The increased use of cryptography could be leading the government into a legal trap where it comes to electronic surveillance, according to a British cryptography expert.
Brian Gladman, an independent cryptography researcher, suggests that the increased use of secure encryption for email communication will mean that the only way for GCHQ, the government's information-gathering headquarters, to intercept communications may be to covertly infiltrate an individual's computer using a Trojan program. That may contravene the 1990 Computer Misuse Act, Gladman argues.
Although the 1994 Intelligence Services Act gives GCHQ certain privileges to intercept communications without a warrant, Gladman says it is unclear whether this relates to the Computer Misuse Act.
"The issue is whether the Intelligence Services Act overrules the Computer Misuse Act. The Intelligence Services Act says that GCHQ is allowed to infiltrate 'things', it doesn't say exactly what. [The] context is also interesting because encryption is going to become much more widely deployed."
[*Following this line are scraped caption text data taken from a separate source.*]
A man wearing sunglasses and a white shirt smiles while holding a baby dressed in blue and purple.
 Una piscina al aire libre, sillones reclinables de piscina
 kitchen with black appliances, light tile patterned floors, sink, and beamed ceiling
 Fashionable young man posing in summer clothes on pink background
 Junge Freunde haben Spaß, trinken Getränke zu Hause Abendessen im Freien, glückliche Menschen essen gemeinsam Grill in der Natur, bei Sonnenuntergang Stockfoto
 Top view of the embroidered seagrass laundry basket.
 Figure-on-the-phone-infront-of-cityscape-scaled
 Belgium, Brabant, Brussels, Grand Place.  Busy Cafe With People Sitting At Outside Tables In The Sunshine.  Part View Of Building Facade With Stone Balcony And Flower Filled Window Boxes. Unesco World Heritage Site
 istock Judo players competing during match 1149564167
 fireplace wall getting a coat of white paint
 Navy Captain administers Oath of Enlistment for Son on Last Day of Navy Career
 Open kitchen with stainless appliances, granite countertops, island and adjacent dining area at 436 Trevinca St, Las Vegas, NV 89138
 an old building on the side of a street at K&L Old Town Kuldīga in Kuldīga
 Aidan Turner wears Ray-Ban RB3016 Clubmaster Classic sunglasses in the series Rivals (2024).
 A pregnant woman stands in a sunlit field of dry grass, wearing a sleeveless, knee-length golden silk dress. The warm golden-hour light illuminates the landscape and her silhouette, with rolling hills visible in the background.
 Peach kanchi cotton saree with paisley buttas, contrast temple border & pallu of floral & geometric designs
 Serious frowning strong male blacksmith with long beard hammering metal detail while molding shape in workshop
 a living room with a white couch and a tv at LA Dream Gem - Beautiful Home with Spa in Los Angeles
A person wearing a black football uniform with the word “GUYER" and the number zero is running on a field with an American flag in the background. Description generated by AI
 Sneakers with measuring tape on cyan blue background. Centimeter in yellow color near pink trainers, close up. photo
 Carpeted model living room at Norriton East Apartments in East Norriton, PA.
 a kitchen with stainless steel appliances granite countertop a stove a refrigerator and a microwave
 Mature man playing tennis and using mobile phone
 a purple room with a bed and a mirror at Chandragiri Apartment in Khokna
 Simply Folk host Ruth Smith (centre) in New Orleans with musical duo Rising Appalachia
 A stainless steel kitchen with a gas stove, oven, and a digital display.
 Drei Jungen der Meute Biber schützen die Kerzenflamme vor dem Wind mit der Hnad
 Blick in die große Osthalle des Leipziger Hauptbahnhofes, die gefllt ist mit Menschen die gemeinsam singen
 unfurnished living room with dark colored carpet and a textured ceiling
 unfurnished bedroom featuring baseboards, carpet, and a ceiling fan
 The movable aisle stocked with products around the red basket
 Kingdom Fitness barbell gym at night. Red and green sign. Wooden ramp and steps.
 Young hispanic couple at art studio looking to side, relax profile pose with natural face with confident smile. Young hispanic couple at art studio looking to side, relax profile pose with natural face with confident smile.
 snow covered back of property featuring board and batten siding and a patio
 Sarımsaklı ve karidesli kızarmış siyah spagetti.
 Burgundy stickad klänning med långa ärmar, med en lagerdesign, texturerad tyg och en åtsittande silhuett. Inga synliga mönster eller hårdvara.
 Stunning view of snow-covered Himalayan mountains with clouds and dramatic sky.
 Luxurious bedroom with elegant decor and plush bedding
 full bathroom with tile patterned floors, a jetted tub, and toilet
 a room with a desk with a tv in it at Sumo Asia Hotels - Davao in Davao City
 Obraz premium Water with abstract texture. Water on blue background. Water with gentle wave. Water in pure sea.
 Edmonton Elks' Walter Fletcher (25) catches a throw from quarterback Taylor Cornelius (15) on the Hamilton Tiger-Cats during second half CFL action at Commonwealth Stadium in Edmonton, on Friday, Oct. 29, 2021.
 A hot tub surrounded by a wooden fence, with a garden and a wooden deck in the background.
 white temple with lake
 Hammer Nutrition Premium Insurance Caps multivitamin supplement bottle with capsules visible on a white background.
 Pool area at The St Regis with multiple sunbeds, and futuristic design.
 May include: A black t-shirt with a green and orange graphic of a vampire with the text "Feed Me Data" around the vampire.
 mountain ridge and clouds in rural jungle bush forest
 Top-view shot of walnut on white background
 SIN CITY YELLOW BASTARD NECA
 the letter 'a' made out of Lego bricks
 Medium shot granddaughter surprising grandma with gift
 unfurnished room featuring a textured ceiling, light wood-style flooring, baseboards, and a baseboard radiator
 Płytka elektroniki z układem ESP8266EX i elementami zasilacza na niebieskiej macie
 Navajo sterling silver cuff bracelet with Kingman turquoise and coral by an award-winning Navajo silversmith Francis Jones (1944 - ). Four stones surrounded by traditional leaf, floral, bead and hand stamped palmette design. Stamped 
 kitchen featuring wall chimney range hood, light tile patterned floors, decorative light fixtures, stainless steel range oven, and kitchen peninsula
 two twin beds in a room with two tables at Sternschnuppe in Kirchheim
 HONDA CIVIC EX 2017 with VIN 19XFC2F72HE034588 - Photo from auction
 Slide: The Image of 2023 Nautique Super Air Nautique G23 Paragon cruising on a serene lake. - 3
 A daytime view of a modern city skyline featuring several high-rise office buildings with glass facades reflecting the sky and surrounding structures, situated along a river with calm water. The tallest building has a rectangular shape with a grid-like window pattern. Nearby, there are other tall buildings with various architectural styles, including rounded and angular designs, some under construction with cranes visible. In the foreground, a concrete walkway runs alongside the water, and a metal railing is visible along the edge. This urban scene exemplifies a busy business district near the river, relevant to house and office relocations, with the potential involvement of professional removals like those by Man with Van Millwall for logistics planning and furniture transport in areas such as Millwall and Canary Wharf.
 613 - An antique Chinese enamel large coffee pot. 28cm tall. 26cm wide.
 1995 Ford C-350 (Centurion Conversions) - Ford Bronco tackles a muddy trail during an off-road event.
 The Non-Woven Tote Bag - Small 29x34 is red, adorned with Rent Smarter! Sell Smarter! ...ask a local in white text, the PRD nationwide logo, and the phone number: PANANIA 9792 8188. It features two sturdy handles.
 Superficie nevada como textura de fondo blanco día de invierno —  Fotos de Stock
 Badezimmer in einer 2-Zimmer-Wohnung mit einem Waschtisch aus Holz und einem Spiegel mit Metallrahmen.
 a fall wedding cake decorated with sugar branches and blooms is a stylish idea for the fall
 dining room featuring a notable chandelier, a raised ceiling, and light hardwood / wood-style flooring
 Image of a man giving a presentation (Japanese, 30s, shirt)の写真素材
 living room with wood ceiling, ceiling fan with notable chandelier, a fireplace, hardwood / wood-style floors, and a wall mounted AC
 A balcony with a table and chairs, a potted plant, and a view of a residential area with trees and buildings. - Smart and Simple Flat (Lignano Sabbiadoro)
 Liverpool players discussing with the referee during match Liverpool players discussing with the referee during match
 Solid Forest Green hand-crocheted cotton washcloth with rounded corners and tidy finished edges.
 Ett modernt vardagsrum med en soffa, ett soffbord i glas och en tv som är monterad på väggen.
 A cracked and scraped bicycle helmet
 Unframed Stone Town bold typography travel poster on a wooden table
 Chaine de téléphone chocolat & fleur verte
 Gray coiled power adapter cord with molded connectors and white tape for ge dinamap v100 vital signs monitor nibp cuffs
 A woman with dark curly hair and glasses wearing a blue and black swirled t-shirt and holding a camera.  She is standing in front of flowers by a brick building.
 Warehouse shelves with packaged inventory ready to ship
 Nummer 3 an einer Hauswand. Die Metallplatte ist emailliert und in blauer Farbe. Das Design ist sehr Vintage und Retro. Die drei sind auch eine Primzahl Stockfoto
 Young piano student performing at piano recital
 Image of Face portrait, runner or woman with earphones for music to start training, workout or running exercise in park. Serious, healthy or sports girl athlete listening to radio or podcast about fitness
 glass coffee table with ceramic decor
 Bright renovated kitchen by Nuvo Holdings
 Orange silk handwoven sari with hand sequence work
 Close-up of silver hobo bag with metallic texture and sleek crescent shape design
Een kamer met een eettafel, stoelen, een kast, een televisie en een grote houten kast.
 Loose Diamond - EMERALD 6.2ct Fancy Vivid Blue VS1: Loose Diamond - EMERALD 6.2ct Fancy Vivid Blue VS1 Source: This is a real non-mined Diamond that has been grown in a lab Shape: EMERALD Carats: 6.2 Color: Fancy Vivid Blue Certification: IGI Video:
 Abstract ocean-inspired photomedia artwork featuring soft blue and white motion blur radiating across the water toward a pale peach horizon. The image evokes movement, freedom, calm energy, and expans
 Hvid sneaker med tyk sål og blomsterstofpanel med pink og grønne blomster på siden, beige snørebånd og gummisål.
Gladman says that after posting a message to the highly respected cryptography mailing list "ukcrypto" speculating on this issue, GCHQ took down references to its statutory powers to intercept communications from its Web site .
GCHQ maintains it is not breaking the law but is far from clear as to where exactly it stands. A spokesman says, "It's a very tricky question. I'm not aware of any conflict between the Acts. All I can say is that GCHQ operates according to the law and all operations are carried out with the appropriate warrants."